Today’s retail banking customers aren’t getting high-quality experiences from their contact centers. According to data from Deloitte, banking customers are less satisfied with contact center experiences (46% positive) than they are with online banking (65%) or with branch services (49%). These lower customer satisfaction levels could pose a risk for the industry and may motivate consumers to look for alternative financial solutions.
After investing significantly in digital experiences such as online banking, many organizations still have unrealized opportunities at the contact center. Fortunately, a digital revolution is changing how contact centers operate, creating options for financial institutions to reconnect with their customers through other channels.
If you want to improve your customer experience (CX), consider implementing these new technologies that have the potential to transform your retail banking business.
How Contact Centers Are Evolving
McKinsey reported that the COVID-19 pandemic accelerated retail banking consumers’ preference for digital channels by as much as three years, a significant change illustrating just how eager customers are for digital options. Already, contact centers have the potential to eliminate up to one-third of low-value activities to improve customer service, thanks to remote work and new technology.
Your contact center can use these trends to your advantage. Service automation, conversational AI, robotic process automation technology (RPA), voice-based banking and other tools can transform your CX and position your bank for the future of customer service and customer preferences.
5 Types of Automation in the Banking Industry
Customer service automation is one way that banks are improving their customer service in order to reduce churn, win over new customers and gain a competitive advantage.
Here are a few of the most popular types of automation tools banks are leveraging today.
1. Voice Recognition and Chatbots
Research shows that half of customers hang up phone calls with contact center agents after being on hold for only one minute. Although customers usually do want to communicate with human agents, higher contact center volumes make immediate conversations and short response times difficult for many financial institutions to accomplish.
If your agents are putting callers on hold or not immediately responding in chat, you’re probably losing customer conversations. Frustrated customers are more likely to walk away from your bank, potentially costing your organization.
With chat, you can use chatbots to start engaging with your customers instantly, keeping them engaged until an agent can take over. You can also assign agents based on keywords and language the artificial intelligence (AI)-powered tool sees in conversation with the customer, ensuring that the right agent is matched to the right inquiry every time.
Customers who are calling in can be matched with agents using machine learning and voice recognition. This way, your customers don’t have to repeat themselves explaining what they need.
2. Virtual Contact Centers
Remote work and improved technologies are also unlocking more geographic options for your bank’s contact center. This isn’t yesterday’s outsourcing. You can find U.S.-based or local talent and provide on-demand service for callers. Cloud computing and other technologies are making local agents a viable alternative for customer service.
Your virtual contact center agents can securely access the information they need on customer accounts and provide follow-the-sun availability through the use of offices and virtual work from different time zones.
3. Automated After-Call Work (ACW)
Contact center agents are busy with high call volumes and competing job demands. In some instances, these agents are too distracted to accurately or efficiently complete ACW when conversations with customers are finished. As a result, customer relationship management (CRM) information or essential data collection for tracking key performance indicators (KPIs) is compromised.
By automating ACW, your contact center agents have fewer distractions and less on-the-job friction, freeing up your team to focus on your customers.
4. Voice Authentication
Voice identification provides a natural alternative for financial institutions looking for a smart authentication option that reduces fraud risk. Instead of using personal questions, contact centers can use voice biometrics along with passphrases to authenticate callers. This streamlines contact center calls and offers a better CX than PIN-based or fingerprint authentication.

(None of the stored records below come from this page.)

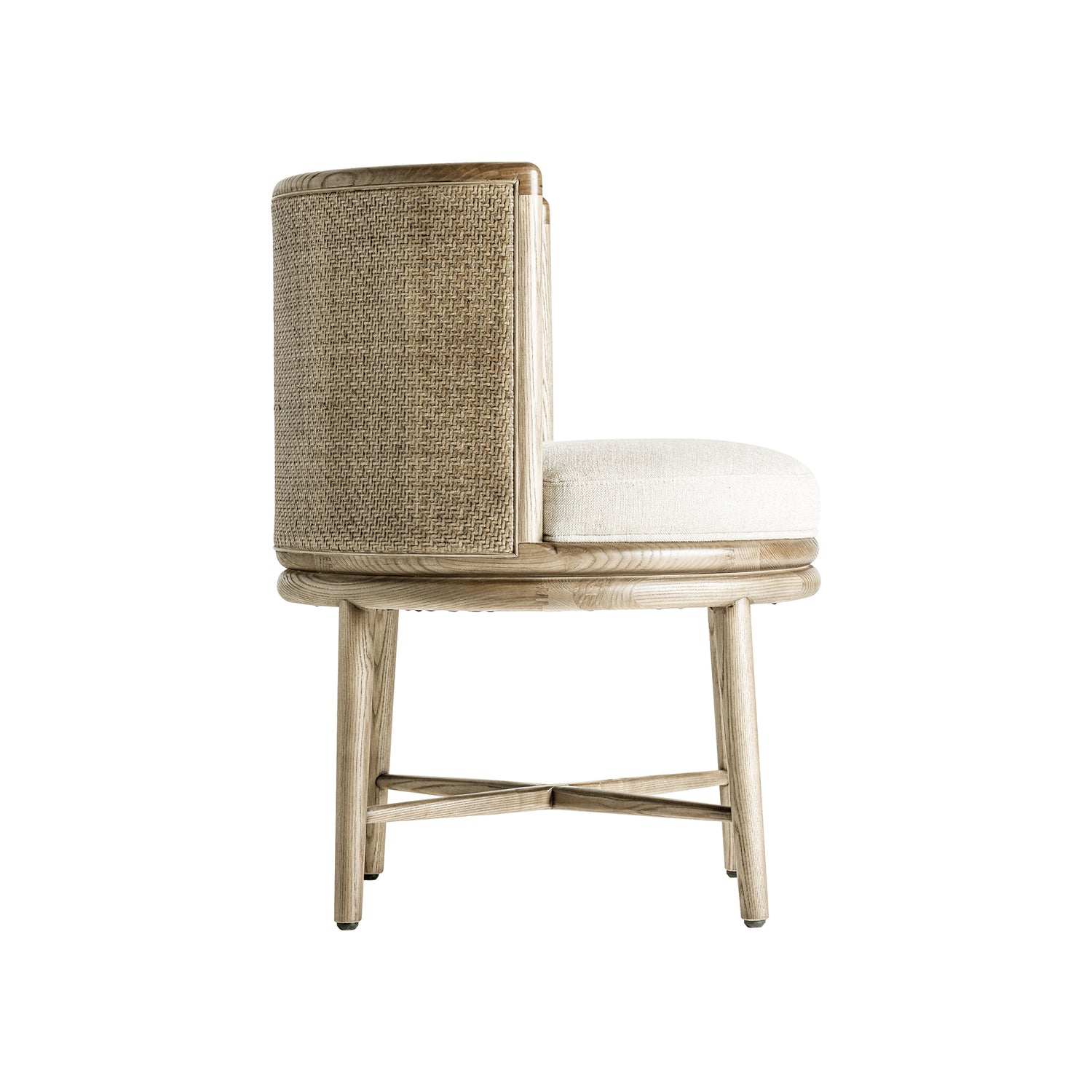 Varaire Stoel Koloniaal 60x60x78 cm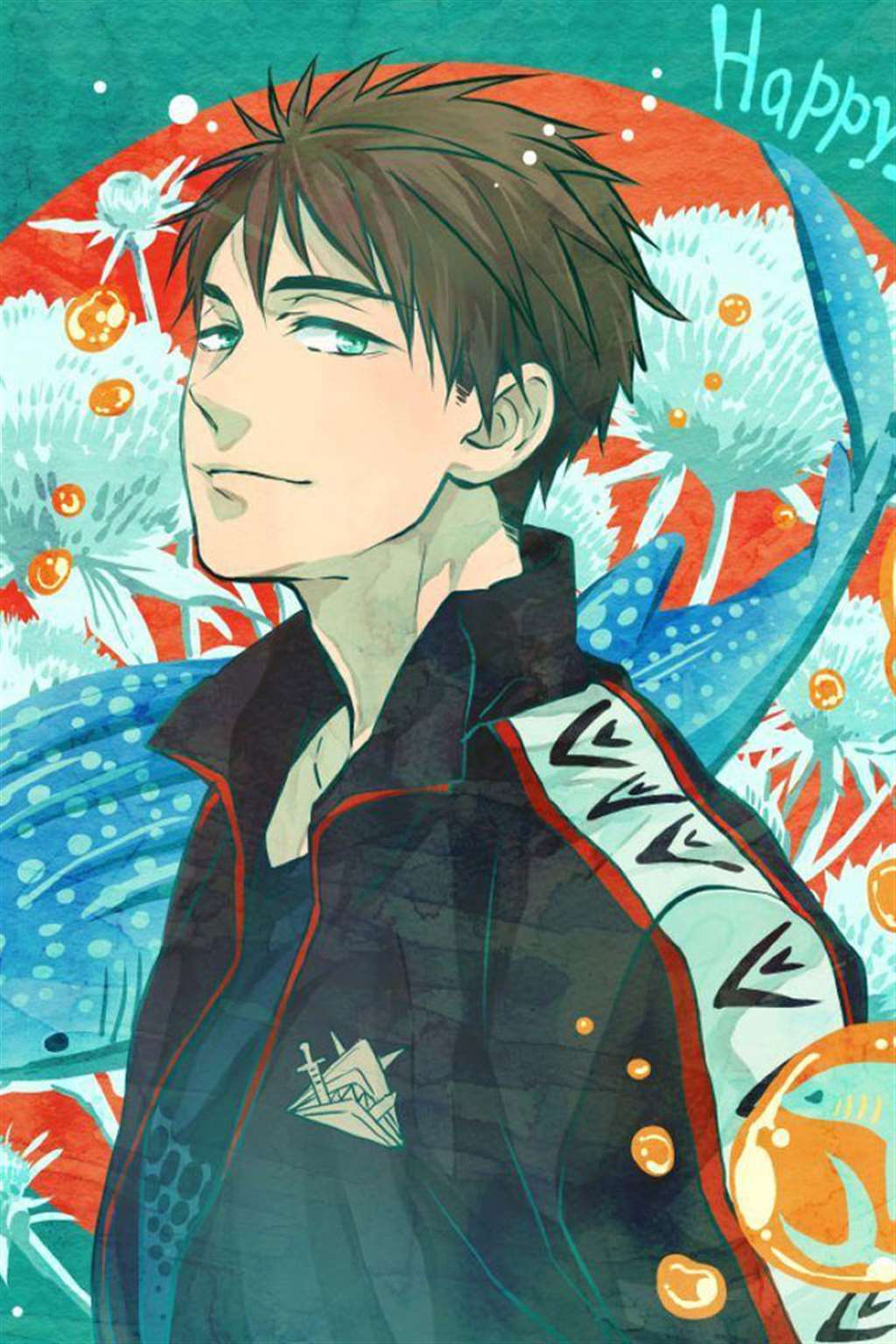 游泳美男山崎宗介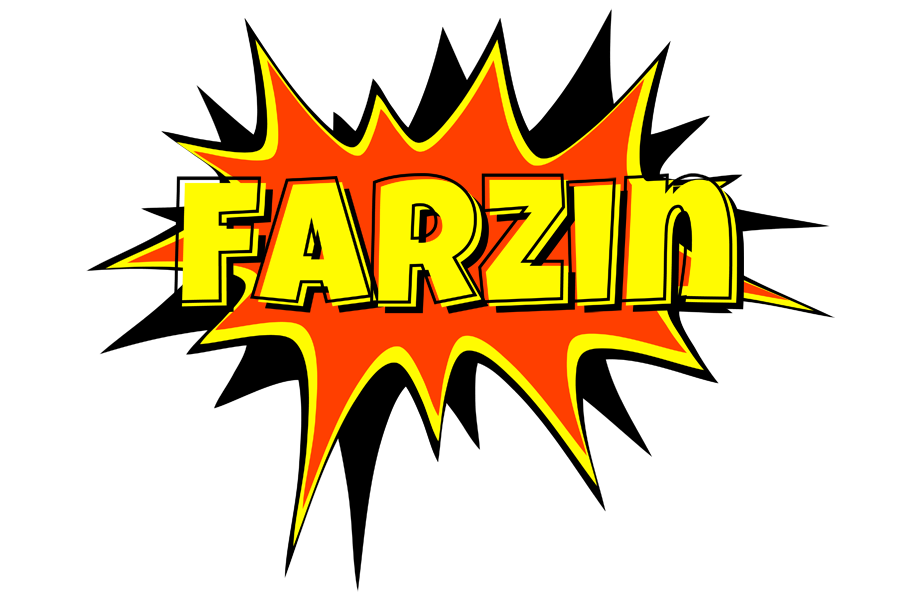 Farzin bazinga logo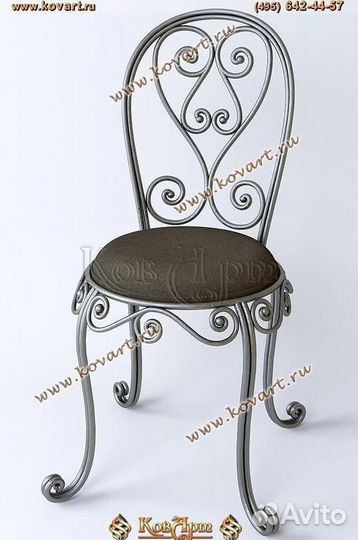 Стулья кованые садовые. ART: L395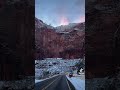 #hellofaview#jeepwrangler#winterwonderland#zionnationalpark#southernutah#adventure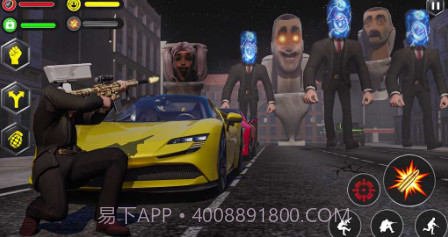 相机怪兽生存射击v1.8截图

5. Robotic Process Automation (RPA)
RPA can streamline the repetitive work that many banks and their teams do every day at work. This allows agents and staff members to spend more of their time on high-value tasks and engaging with customers. For back-end processes that are causing delays and backlog, RPA can be a time-saving intervention that helps your employees get more done and improve their own personal productivity.
Compliance, transaction processing, customer reminders, reporting, fraud detection and customer service are just a few RPA use cases that could benefit your bank and transform your business. Instead of asking your team to take on these tasks by themselves, you can implement RPA and give your organization robotic assistance wherever it’s most needed.
The New Normal and Contact Centers
Non-traditional banks’ proliferation poses a risk to financial institutions and highlights just how essential CX is for today’s retail banks. By leveraging technology, financial institutions can compete effectively with fintech startups and can connect with customers again. Contact center technologies such as customer service automation solutions can prepare banks for a public that is more eager to embrace technology and mobile banking than ever before.